Democratic state Rep. Janet Bewly, of Ashland, speaks out against a Republican-backed bill being debated in the Assembly that would ease opening an iron ore mine in northern Wisconsin near Lake Superior on Thursday, March 7, 2013, in Madison, Wis. Assembly Republicans say the measure would bring jobs to an economically depressed area while Democrats voiced concerns that the pristine environment would be ravaged. (AP Photo/Scott Bauer)

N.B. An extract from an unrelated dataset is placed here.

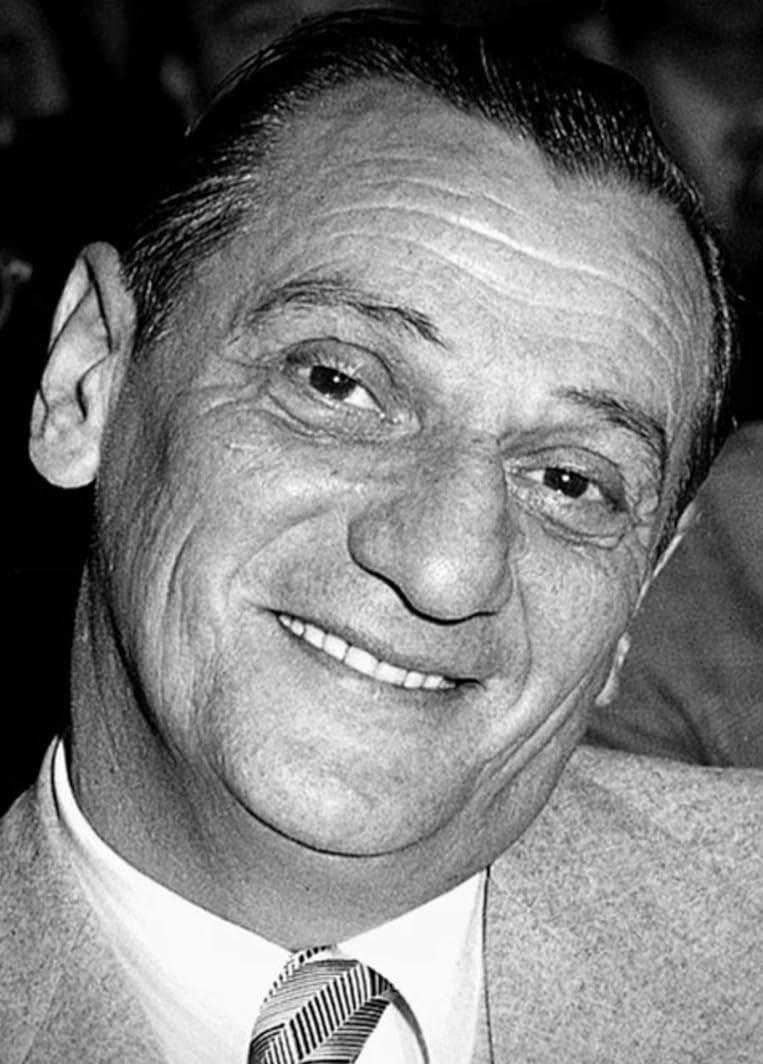A smiling man with slicked-back hair and wearing a light-colored suit and a striped tie.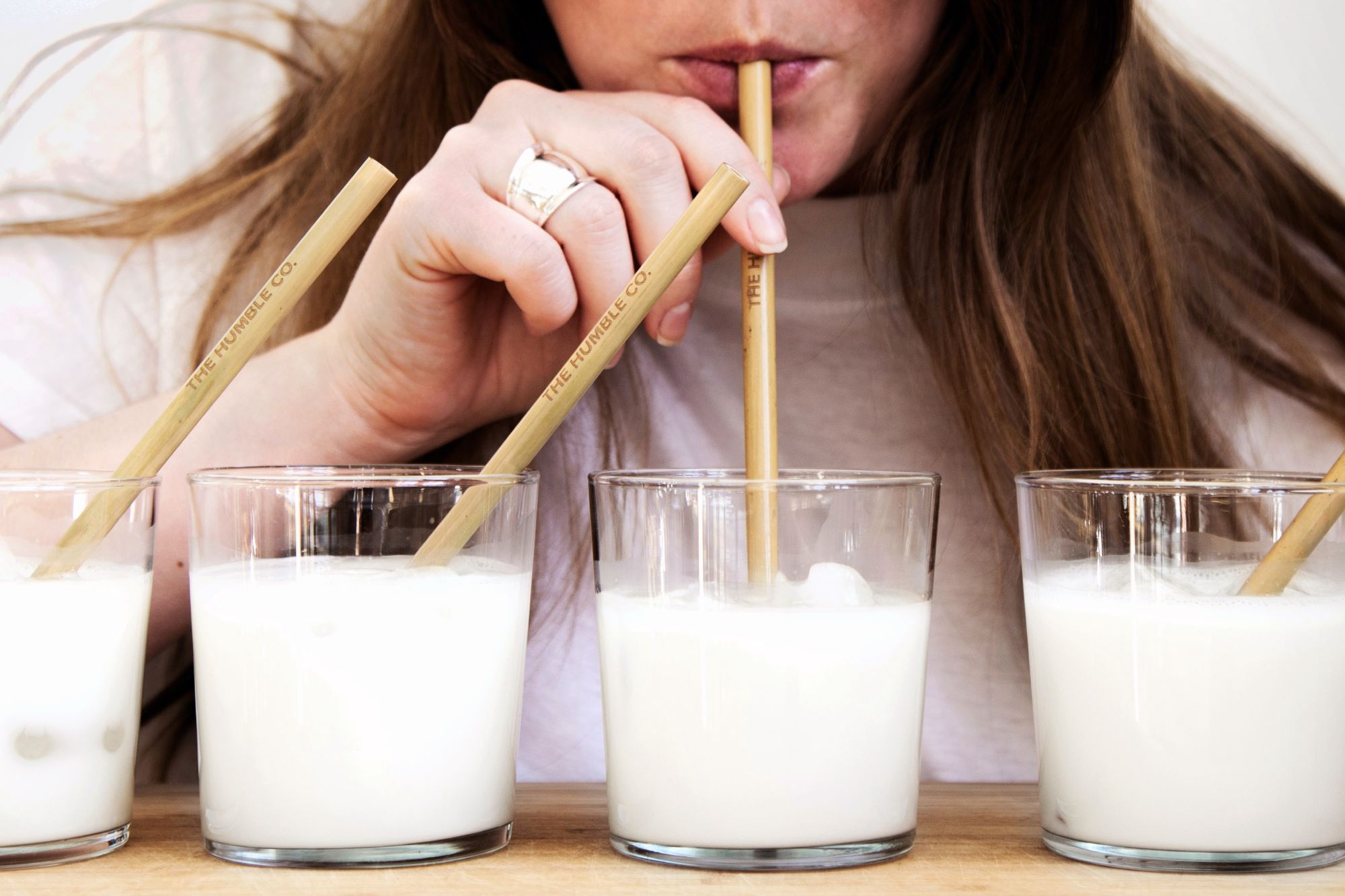 Woman drinking from bamboo straws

MADISON, Wis. (AP) — Republicans in the Wisconsin Assembly approved a polarizing mining bill Thursday and sent the measure to Gov. Scott Walker for his signature, completing a long push to help a Florida-based company open a giant iron mine near the shores of Lake Superior over environmentalists’ objections.

Minority Democrats dragged out debate for nearly nine-and-a-half hours but were powerless to stop the measure. Republicans finally approved it on a 58-39 party-line vote.

The bill already has cleared the Senate. It now heads to Walker, who has touted the proposal as his key job creation plan. He is expected to sign it into law early next week.

“On behalf of the unemployed skilled workers in our state who will benefit from the thousands of mining-related jobs over the next few years, I say thank you,” Walker said in a statement.